**Data for this exercise:**
────────────────

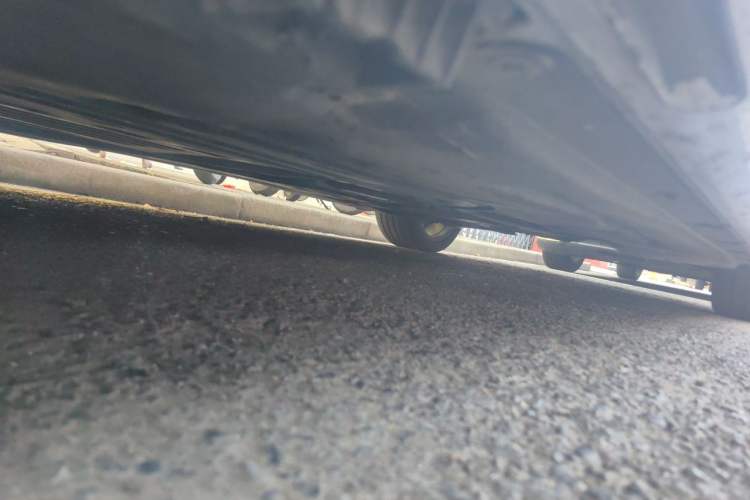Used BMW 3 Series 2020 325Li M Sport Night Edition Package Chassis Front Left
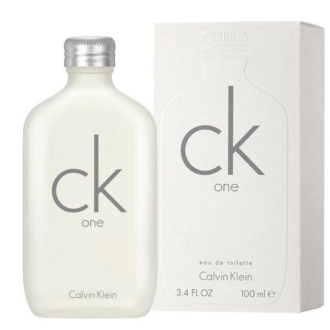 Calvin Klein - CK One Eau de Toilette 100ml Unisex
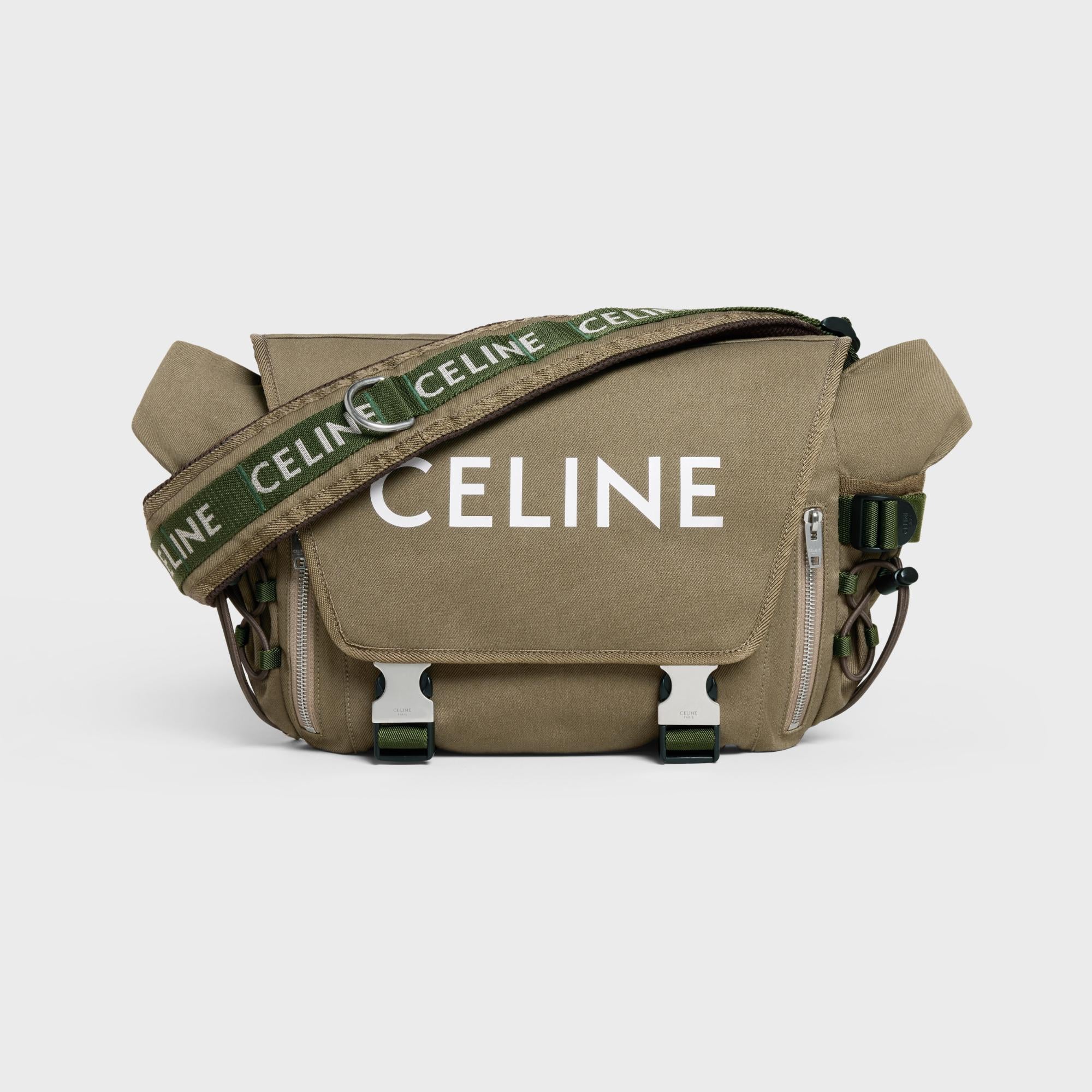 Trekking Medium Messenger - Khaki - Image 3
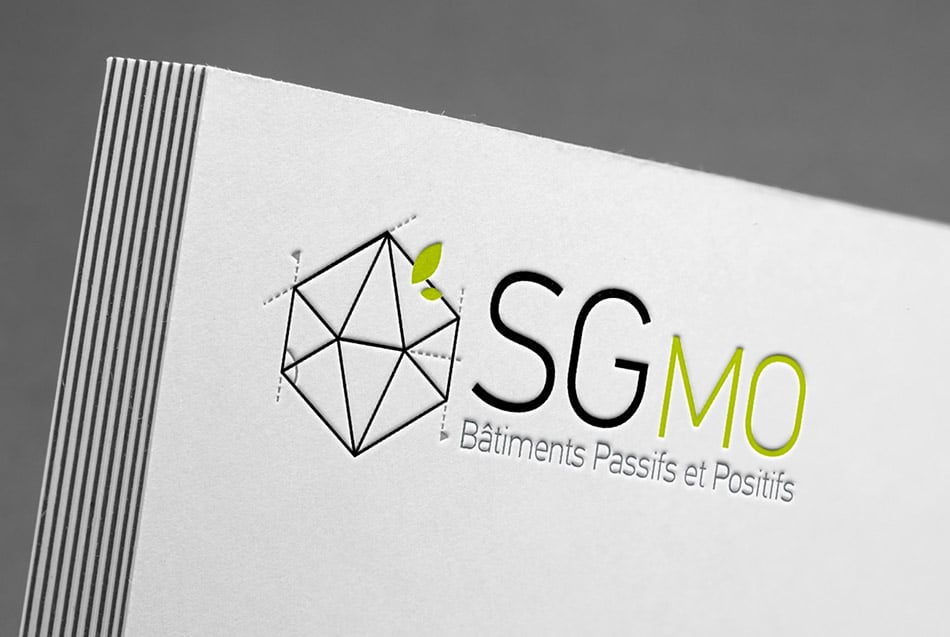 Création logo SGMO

────────────────

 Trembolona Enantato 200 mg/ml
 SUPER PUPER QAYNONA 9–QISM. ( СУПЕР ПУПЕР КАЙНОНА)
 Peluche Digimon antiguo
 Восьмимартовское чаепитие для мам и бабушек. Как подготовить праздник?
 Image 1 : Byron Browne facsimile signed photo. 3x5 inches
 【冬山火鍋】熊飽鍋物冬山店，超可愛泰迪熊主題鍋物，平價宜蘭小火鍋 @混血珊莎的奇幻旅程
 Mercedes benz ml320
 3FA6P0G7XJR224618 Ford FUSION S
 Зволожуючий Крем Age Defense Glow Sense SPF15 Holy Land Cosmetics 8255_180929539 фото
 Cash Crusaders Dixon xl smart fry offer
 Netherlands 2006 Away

────────────────

**Try it:** Scan the lines above for "3FA6P0G7XJR224618 Ford FUSION S" and for "Netherlands 2006 Away". Repeat exactly the line holding each of them and every line in between.

**Task response:**
 3FA6P0G7XJR224618 Ford FUSION S
 Зволожуючий Крем Age Defense Glow Sense SPF15 Holy Land Cosmetics 8255_180929539 фото
 Cash Crusaders Dixon xl smart fry offer
 Netherlands 2006 Away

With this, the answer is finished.